The situation changes with a new type of professional painters in the 20th century China and shifts more to an greater weight put an general quality. An advantage immediately destroyed by the better access of forgers to their material in prints and online.


The question about a general quality is a very different matter then we are talking about the professional Japanese painters. Here the system of an internal education in techniques, topics and their representation in the great and proud painter studios produces such a high level of skill and understanding, that forgers are hardly able to keep up with it. Those professional painters are working also according to the subject and the taste of the usually unknown costumer in very different styles. So scrutinizing the individual calligraphic style is often less helpful and requires at least references of the same subject by the same hand. Often it will not be possible at all.

In this situation the general quality is of much greater importance. So if we can establish a certain very high level of quality in the composition, brushwork, shading and coloration we could at least exclude what is not good enough.


But how could this be done? What is such good quality?

Now this alone deserve a special essay. Its a difficult question, and in other places only answered with an autocratic declaration, in most cases its not answered at all.

In the end to see quality, it needs probably not only a trained eye but also a trained hand.

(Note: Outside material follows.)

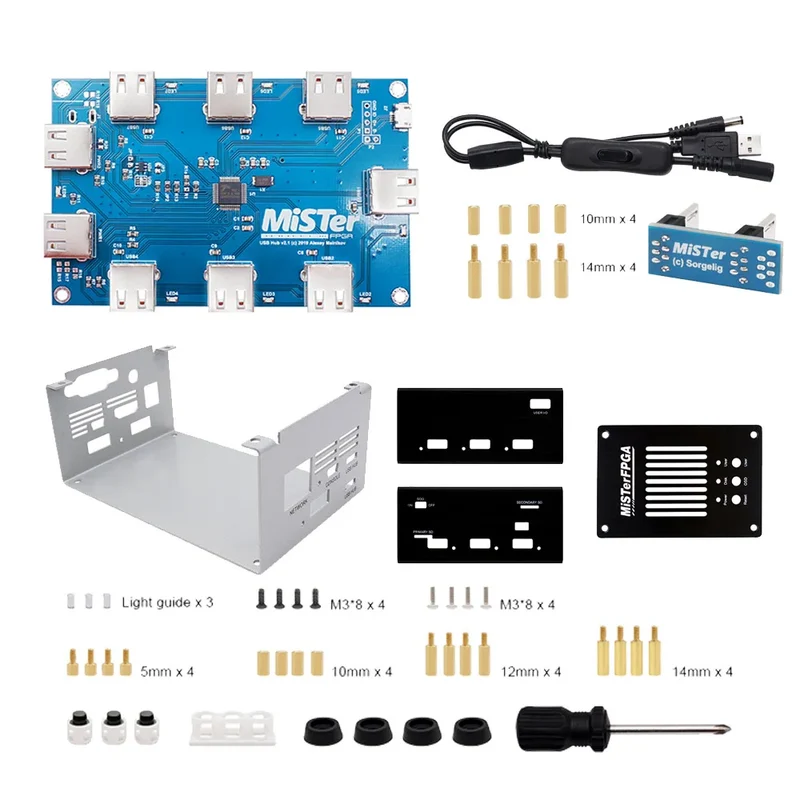 Boîtier métallique MiSTer FPGA pour DE10-Nano — hub USB et I/O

Calligraphic quality could be understand easier with a certain amount of practical study. Trying to understand calligraphy, brushwork as anything different than movement is not helpful. This problem grows of course even bigger when you try to compare individual brushwork with references. To compare two similar looking patches of colour or ink and not understand the movement had created them is meaningless.

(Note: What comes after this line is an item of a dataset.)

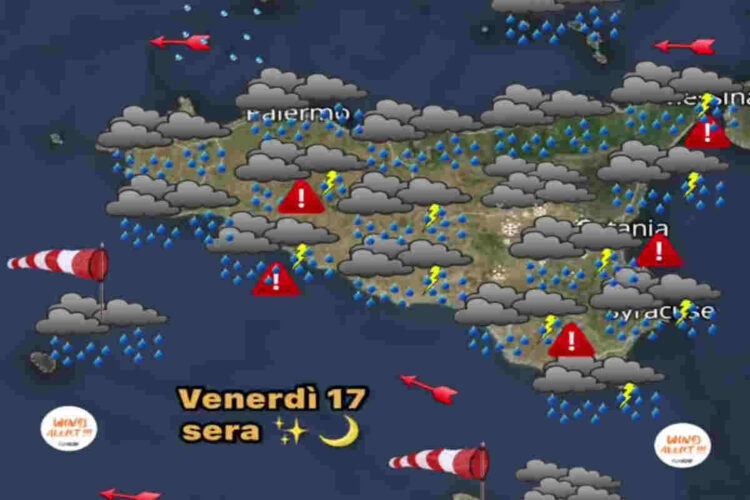 Sicilia: forte maltempo in arrivo tra venerdì e sabato, rischio nubifragi e alluvioni lampo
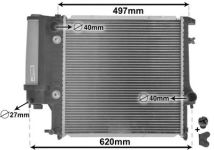 VAN WEZEL Kühler, Motorkühlung mit Ölkühler für BMW 1723528 17111719264 17111719136 06002125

Other painting techniques like ink shading have a lot less individual quality from the beginning. But a careless applied ink or colour shading in a painting of one of the best painters like Tanyuu, Tsunenobu or Ganku is unthinkable. So in this case the general level of quality can tell us a lot too. To obtain the skill of understanding quality of ink shading, a thorough study of references is essential. One has to know how a certain painter usually does it.

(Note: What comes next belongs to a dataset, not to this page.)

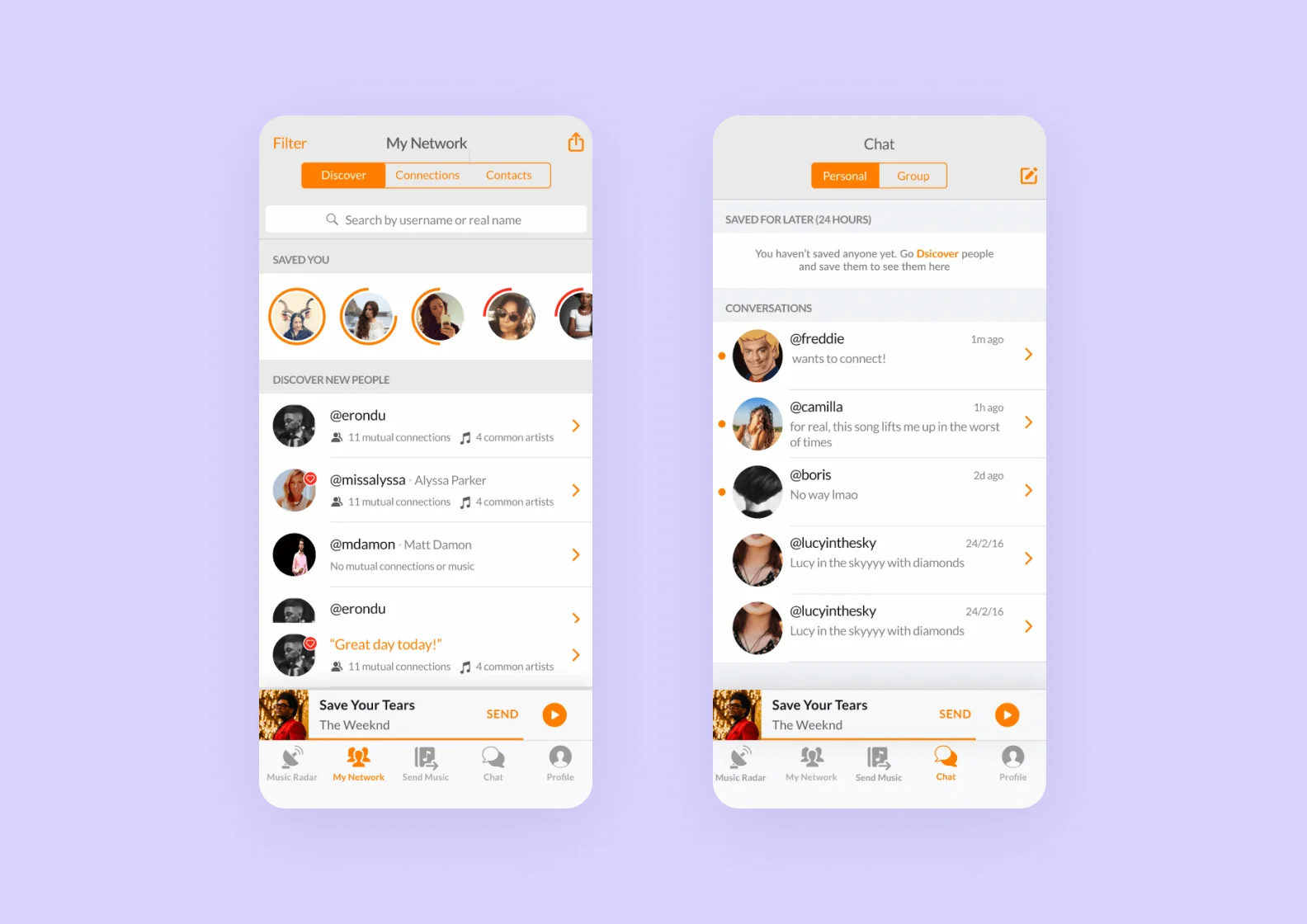A social network within a music streaming app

When we discuss the individual calligraphic quality we mean of course the brushwork generally. The general body of calligraphic strokes in the painting or calligraphic text is the important part.

The small, to the forger well known example of a signature is much less important than longer calligraphic texts or the painted subject.

Even less we should care about the seal imprints. Carved after a model a good forgery is easily achieved. Now even done with modern reproduction techniques so that there is no difference.

And such a imprint of the same seal might look very different anyway. Just take a look to the example of the seal prints on Ganku's fabulous set of Tiger and Dragon. The seal imprints on the two paintings of one set, do not make a fine set at all.











A fascinating painting with a great quality and a bad seal, is still fascinating and excellently painted!


Often those less important parts of the individual calligraphic body of the paintings, signature and seal prints, are valued far to much.

And to make it worse they are carelessly compared to only reproduced references, coming even from a wood block print or a forgery and usually given without any idea of the used material and/ or there it is taken from.


As for any calligraphic reference by a third hand directly connected to the painting, an inscription on the painting or its box, a letter of reference, it should be treated as an individual artwork. It only could have any value after we could establish its authenticity, but not a very great one. Even a great mind could be wrong with his honest inscription. A piece of paper could be moved easily, a box exchanged without a problem.